From: Bharath Rupireddy <bharath(dot)rupireddyforpostgres(at)gmail(dot)com>
To: RKN Sai Krishna <rknsaiforpostgres(at)gmail(dot)com>
Cc: Andres Freund <andres(at)anarazel(dot)de>, Kyotaro Horiguchi <horikyota(dot)ntt(at)gmail(dot)com>, Ashutosh Sharma <ashu(dot)coek88(at)gmail(dot)com>, Stephen Frost <sfrost(at)snowman(dot)net>, Jeff Davis <pgsql(at)j-davis(dot)com>, Robert Haas <robertmhaas(at)gmail(dot)com>, Andrew Dunstan <andrew(at)dunslane(dot)net>, Greg Stark <stark(at)mit(dot)edu>, Jeremy Schneider <schneider(at)ardentperf(dot)com>, Bruce Momjian <bruce(at)momjian(dot)us>, PostgreSQL Hackers <pgsql-hackers(at)lists(dot)postgresql(dot)org>, SATYANARAYANA NARLAPURAM <satyanarlapuram(at)gmail(dot)com>, marvin_liang(at)qq(dot)com, actyzhang(at)outlook(dot)com
Subject: Re: pg_walinspect - a new extension to get raw WAL data and WAL stats
Date: 2022-03-26 05:01:01
Message-ID: CALj2ACXBH6n40sgYZvtkYzkatYteL+bHftc-rEcOmWcmrfnF=A@mail.gmail.com
Views: Raw Message | Whole Thread | Download mbox | Resend email
Thread:
Lists: pgsql-hackers

On Fri, Mar 25, 2022 at 8:37 PM RKN Sai Krishna
<rknsaiforpostgres(at)gmail(dot)com> wrote:
>
> Hi Bharath,
>
> First look at the patch, bear with me if any of the following comments are repeated.

Thanks RKN, for playing around with the patches.

> 1. With pg_get_wal_record(lsn), say a WAL record start, end lsn range contains the specified LSN, wouldn't it be more meaningful to show the corresponding WAL record.

In general, all the functions will first look for a first valid WAL
record from the given input lsn/start lsn(XLogFindNextRecord) and then
give info of all the valid records including the first valid WAL
record until either the given end lsn or till end of WAL depending on
the function used.

> For example, upon providing '0/17335E7' as input, and I see get the WAL record ('0/1733618', '0/173409F') as output and not the one with start and end lsn as ('0/17335E0', '0/1733617').

If '0/17335E7' is an LSN containing a valid WAL record,
pg_get_wal_record gives the info of that, otherwise if there's any
next valid WAL record, it finds and gives that info. '0/17335E0' is
before '0/17335E7' the input lsn, so it doesn't show that record, but
the next valid record.

All the pg_walinspect functions don't look for the nearest valid WAL
record (could be previous to input lsn or next to input lsn), but they
look for the next valid WAL record.

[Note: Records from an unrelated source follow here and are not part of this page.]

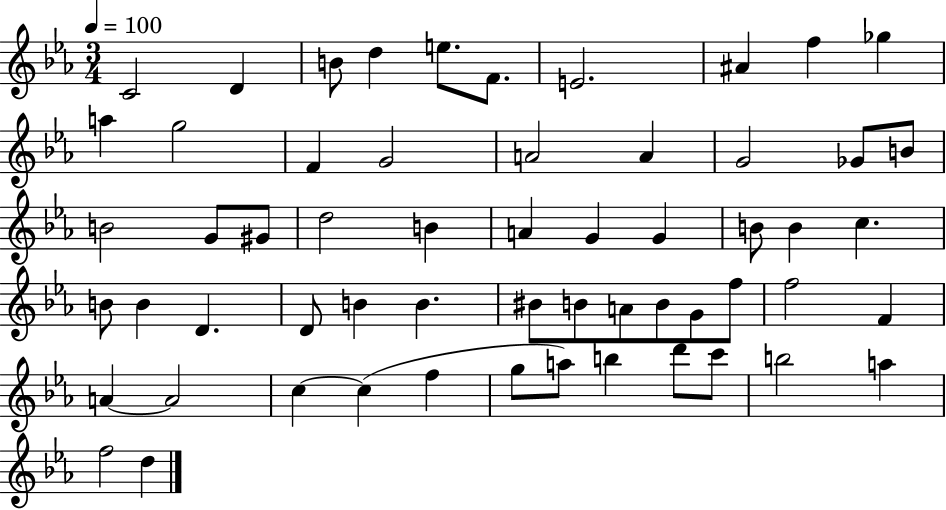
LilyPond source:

{
  \clef treble
  \numericTimeSignature
  \time 3/4
  \key ees \major
  \tempo 4 = 100
  c'2 d'4 | b'8 d''4 e''8. f'8. | e'2. | ais'4 f''4 ges''4 | \break a''4 g''2 | f'4 g'2 | a'2 a'4 | g'2 ges'8 b'8 | \break b'2 g'8 gis'8 | d''2 b'4 | a'4 g'4 g'4 | b'8 b'4 c''4. | \break b'8 b'4 d'4. | d'8 b'4 b'4. | bis'8 b'8 a'8 b'8 g'8 f''8 | f''2 f'4 | \break a'4~~ a'2 | c''4~~ c''4( f''4 | g''8 a''8) b''4 d'''8 c'''8 | b''2 a''4 | \break f''2 d''4 | \bar "|."
}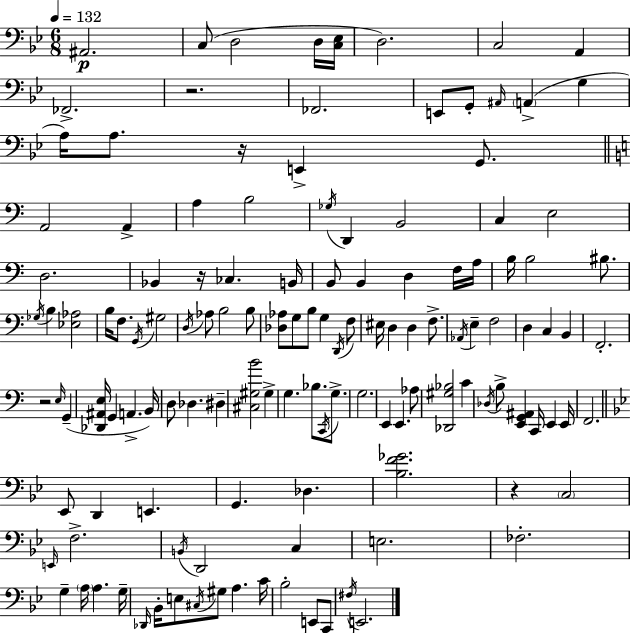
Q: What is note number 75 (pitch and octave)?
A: G3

This is because the xlogreader
infra now has no API for backward iteration from a given LSN ( it has
XLogFindNextRecord and XLogReadRecord which scans the WAL in forward
direction). But, it's a good idea to have XLogFindPreviousRecord and
XLogReadPreviousRecord versions (as we have links for previous WAL
record in each WAL record) but that's a separate discussion.

> With pg_walfile_name(lsn), we can find the WAL segment file name that contains the specified LSN.

Yes.

> 2. I see the following output for pg_get_wal_record. Need to have a look at the spaces I suppose.

I believe this is something psql does for larger column outputs for
pretty-display. When used in a non-psql client, the column values are
returned properly. Nothing to do with the pg_walinspect patches here.

> 3. Should these functions be running in standby mode too? We do not allow WAL control functions to be executed during recovery right?

There are functions that can be executable during recovery
pg_last_wal_receive_lsn, pg_last_wal_replay_lsn. The pg_walinspect
functions are useful even in recovery and I don't see a strong reason
to not support them. Hence, I'm right now supporting them.

> 4. If the wal segment corresponding to the start lsn is removed, but there are WAL records which could be read in the specified input lsn range, would it be better to output the existing WAL records displaying a message that it is a partial list of WAL records and the WAL files corresponding to the rest are already removed, rather than erroring out saying "requested WAL segment has already been removed"?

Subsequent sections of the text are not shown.